Il y a peu, lors d’une campagne de promotion des métiers d’avenir, le gouvernement a déclaré vouloir former des "hackers éthiques". Bizarre besoin de moraliser explicitement un métier par l’adjectif, quand le nom suggère une activité illégale. Sans doute la "GPA éthique" n’est-elle que l’exacerbation sordide de la même logique. Sylviane Agacinski l’a dit avec une clarté parfaite : "Parler de GPA éthique, c’est aussi absurde que de parler d’esclavage éthique."
Une préoccupation encombrante
Que l’étiquette "éthique" soit accolée, seul cela semble compter pour les stratèges de la transformation de tout être en produit. Évidemment, ce serait mieux que ce soit aussi "citoyen", "moderne" et "démocratique". "Éthique" peut toutefois suffire pour faire un ironique pied-de-nez aux attardés qui croient encore que science sans conscience n’est que ruine de l’âme. Il est vrai que citer Rabelais suppose de croire aussi que l’être humain à une âme, cette chose étrange qu’on ne peut fabriquer en laboratoire.
Que le comité ne soit que « consultatif » ne fait que confirmer la facilité avec laquelle il pourra être réduit à un rôle de simple figuration.
Depuis 1983, on le sait, l’éthique à son Comité consultatif national (CCNE), dont les théologiens de différentes confessions ont été exclus en 2013. Il faut croire qu’ils croyaient à l’existence de l’âme. La création d’un tel comité n’augurait d’ailleurs rien de bon : quand un gouvernement confie l’éthique à un groupe indépendant, c’est avant tout le signe qu’il se débarrasse d’une préoccupation jugée encombrante. On pourrait bien évoquer un garde-fou qu’il impose à ses décisions, mais cela signifie surtout que l’éthique ne le concerne pas. Que le comité ne soit que "consultatif" ne fait que confirmer la facilité avec laquelle il pourra être réduit à un rôle de simple figuration.
Surtout, pas de stigmatisation
Le plus frappant est que le CCNE pourrait bien être conscient de son inutilité.
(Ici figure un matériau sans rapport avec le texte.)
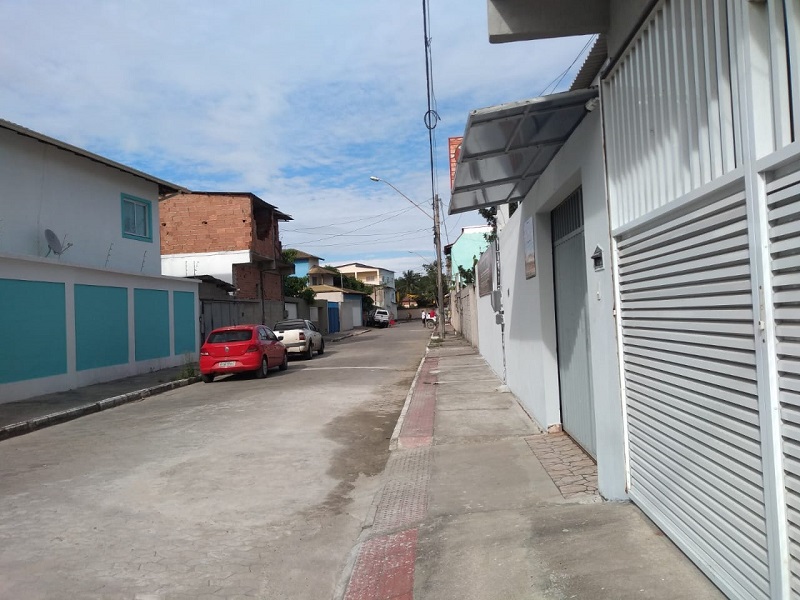 Rua Amazonas, em Bicanga, na Serra. (Foto: Fábio Nunes/AT)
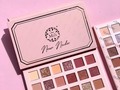 De mis favoritas para recrear look muy sofisticados ✨  Esta paleta tiene tonos de transición, tiene sombras matte y satinadas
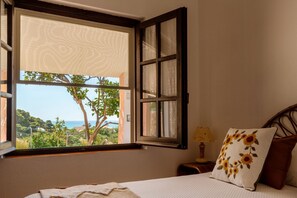 3 chambres, fer et planche à repasser, Wi-Fi gratuit, draps fournis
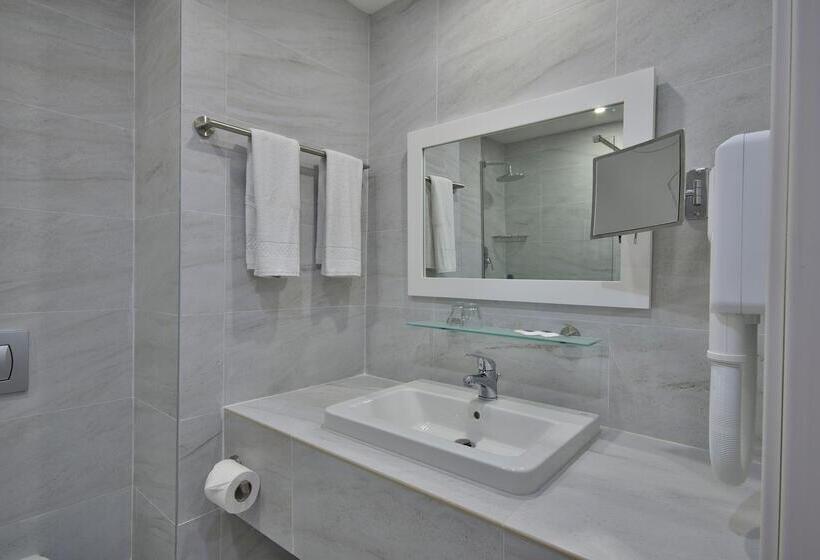 اتاق خانوادگی با چشمانداز استخر, Riviera Spa Resort - Adults Only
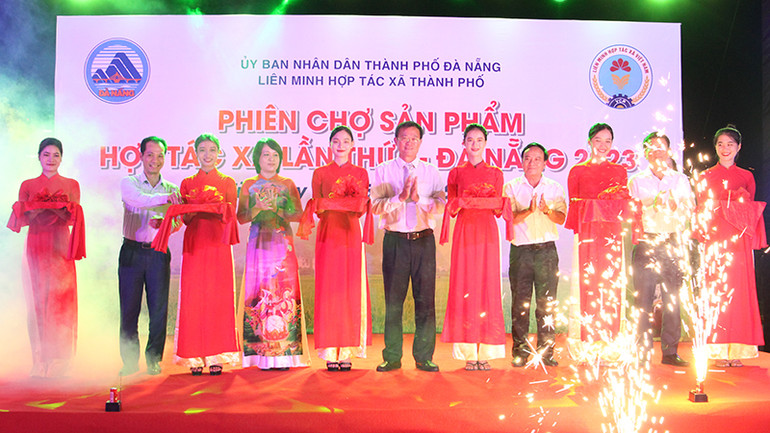 Khai mạc phiên chợ sản phẩm Hợp tác xã lần thứ nhất.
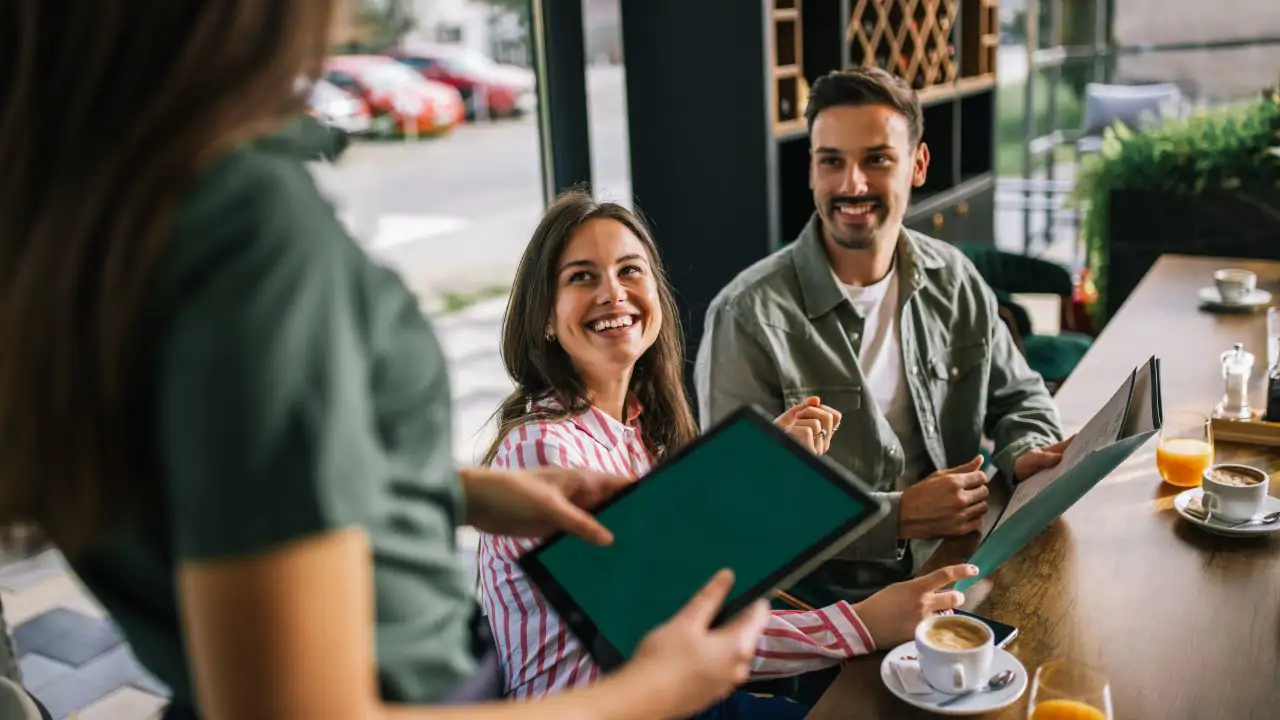 ¡No digas "I want"! Así debes pedir la comida en un restaurante en inglés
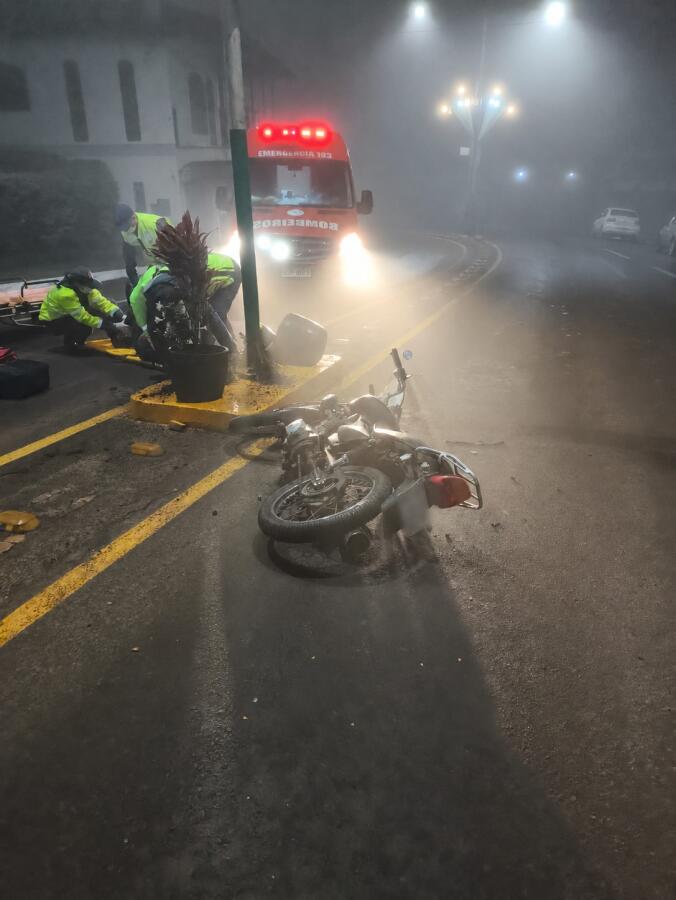 Motociclista fica ferido após colidir contra poste em Iporã do Oeste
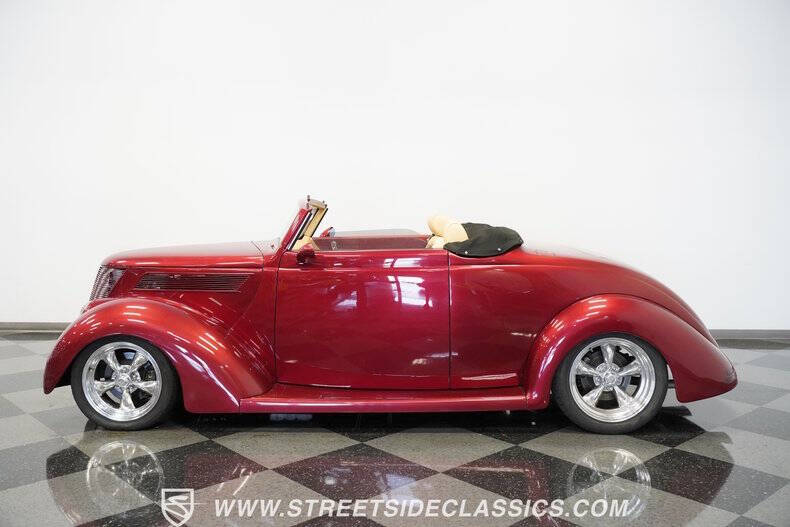 1937 Ford Cabriolet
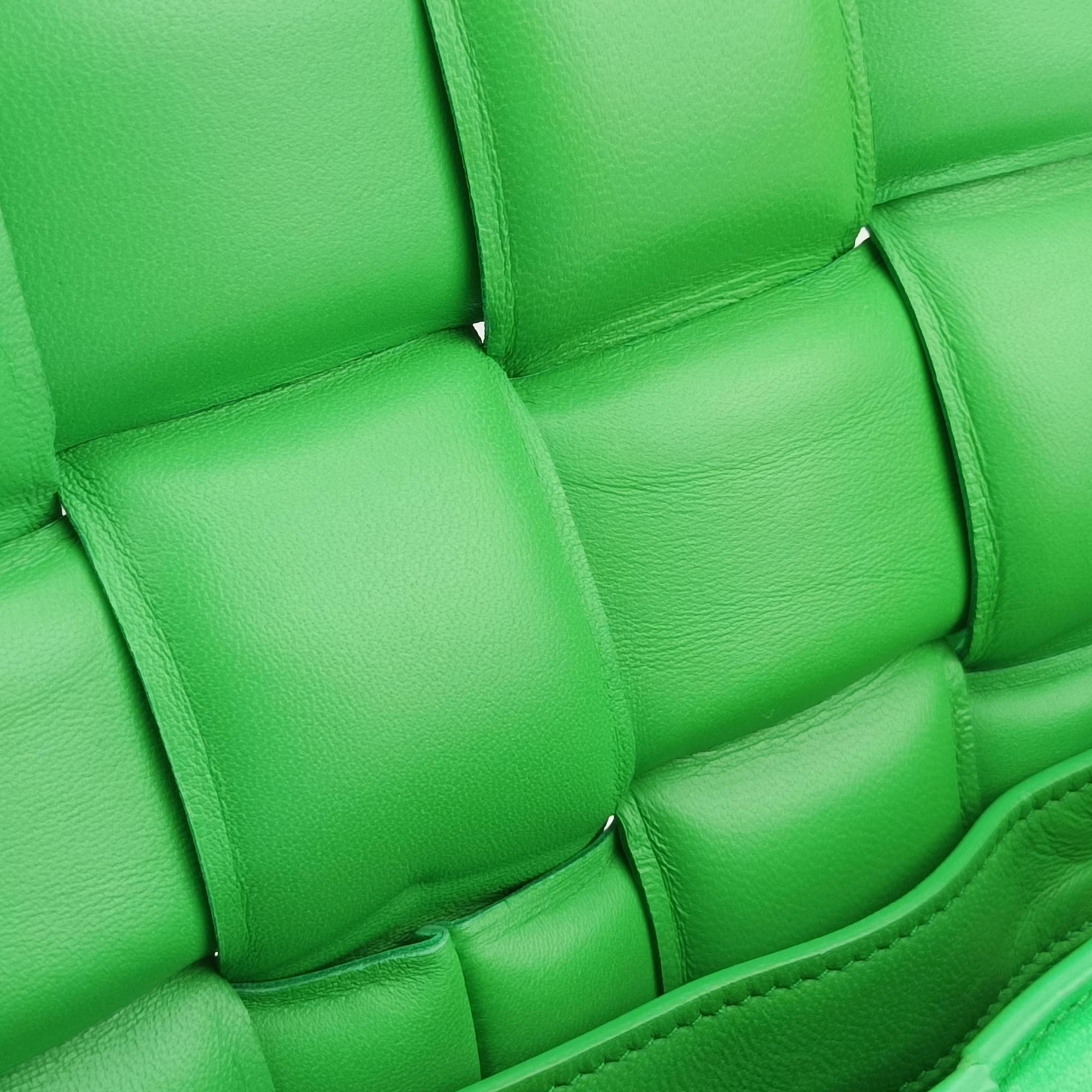 Padded Cassette Green lambskin B09349835Zパデッド カセット グリーン ラムスキン B09349835Z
Le 16 décembre, il a déclaré que la vaccination des enfants de cinq à onze ans était "acceptable sur le plan éthique", mais a jugé bon d’ajouter qu’il se prononçait "dans l’urgence et l’incertitude". Nous voilà rassurés : les bases sont solides et le principe de précaution est bien appliqué ! Sans doute pour ne pas donner entièrement l’impression de ne servir à rien, le Comité a précisé qu’il ne fallait "qu’aucune des mesures mises en œuvre ne conduise, directement ou indirectement, à une stigmatisation". Amusant conseil que n’a guère suivi le Premier ministre à propos des adultes, en déclarant tranquillement : "Il n’est pas admissible que le refus de quelques millions de Français de se faire vacciner mette en risque la vie de tout un pays." Rien que ça ! L’ennemi numéro un est enfin débusqué. Si la France meurt, on saura qui a fait le coup et on saura surtout à qui s’en prendre. Que nul ne s’inquiète, pourtant. Il s’agit sûrement d’une stigmatisation éthique.